Re: Travel of bat
Posted by: james (
) on Thu Aug 3 18:21:14 2000
With what I saw in the MECHANICS of the swing at this sight- they are pertraying Sammy Sosa. Although he is a great homerun hitter, he strikes out way too much for a ball team to handle. I believe this is because of his path from launch to contact. This path seems to be way too loopey, making it harder to hit a ball because it is not on the path of the ball for a long period of time. Now Mark McGwire and Ken Griffey Jr. hit homeruns but also make more contact than Sammy. Again I believe this is because their swing "Path" is some what more level.
> DOES ANYONE ELSE AGREE WITH THIS? I WOULD LIKE TO HEAR YOUR POINT OF VIEW.
: there are many more things besides the swing that cause people to strike out.

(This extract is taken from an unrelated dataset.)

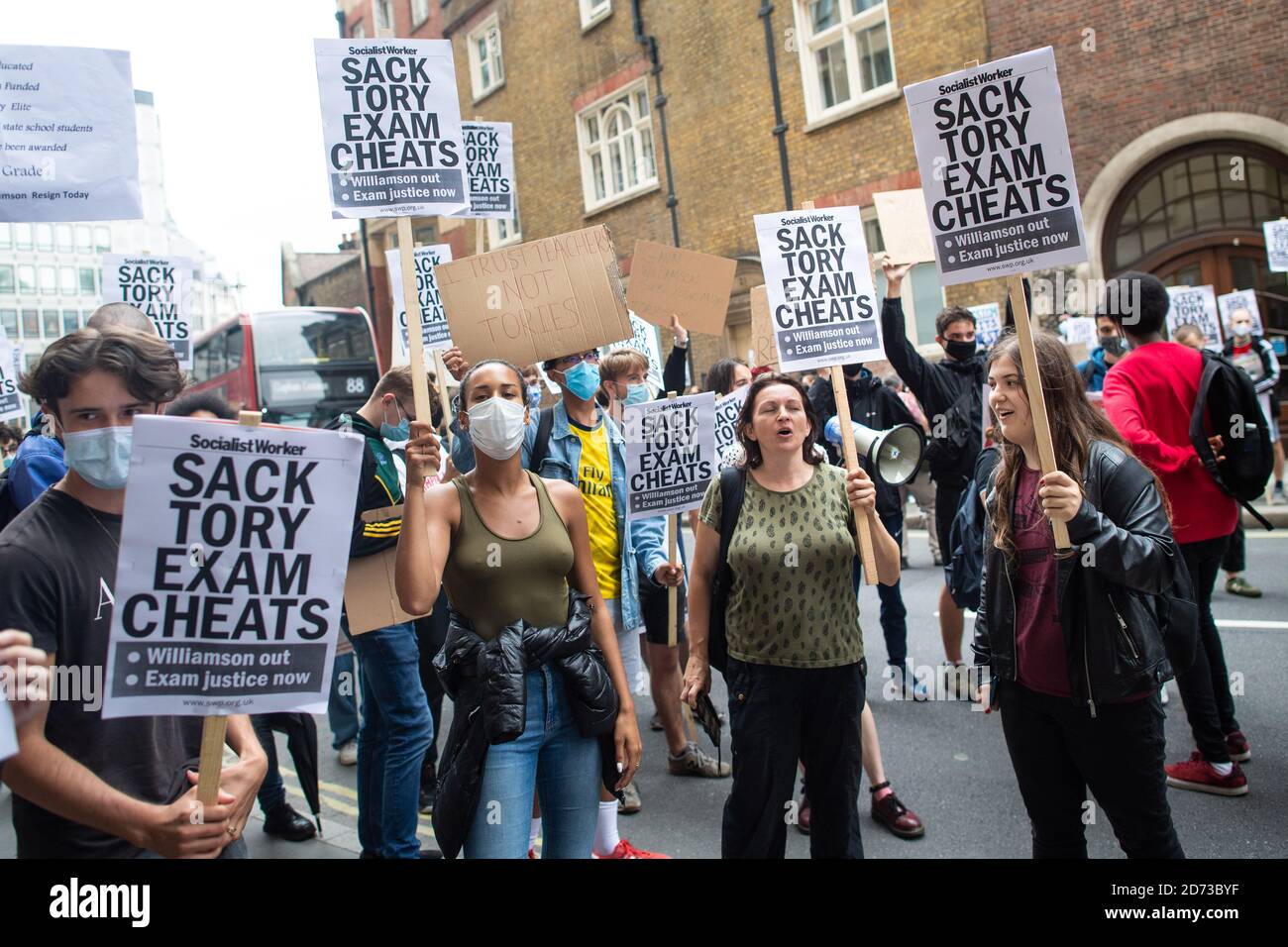 Les gens prennent part à une manifestation de protestation de Downing Street au ministère de l'éducation à Westminster, Londres, au sujet de la gestion par le gouvernement des résultats DE NIVEAU A. Des milliers d'élèves de toute l'Angleterre ont exprimé leur déception de voir leurs résultats déclassés après l'annulation des examens en raison du coronavirus. Date de la photo : vendredi 14 août 2020. Le crédit photo devrait se lire: Matt Crossick/Empics Banque D'Images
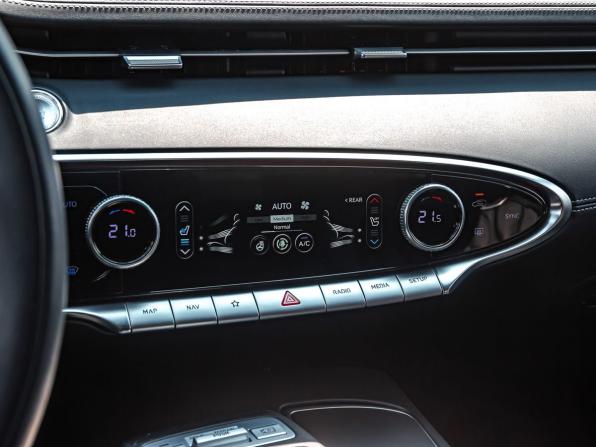 Genesis GV70 I с пробегом 2022 года, цена 5 400 000 рублей, 40712 км, внедорожник, Автокод Объявления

Not making contact with the baseball is more mental then physical. SAmmy sosa produces batspeeds in excess of 90 mph.He must have a short swing to do that. Read some of the posts in this site and youll understand the reasons for the small loop in sammys swing. Jack has challenged the widely accepted version of a "short swing". The major league swing produces bat acceleration back toward the catcher as well as roational forces toward the pitcher. The loop in the swinng brings the bat in line with the contact plane and produces bat displacement, which is essential to produce batspeed. I think that people have been brainwashed into beleiving that the only variable involved in a short swing was getting the hands to the ball in the shortest route. When a short swing also involves getting the bat into the plane of contact as soon as possible and producing your best batspeed , earliest in the swing. Usually when i strike out its mental, i didnt trust myself. Mostr peoples swings are excellent as long as they let them be. Problems happen when we dont let our swing take its course subconsciously.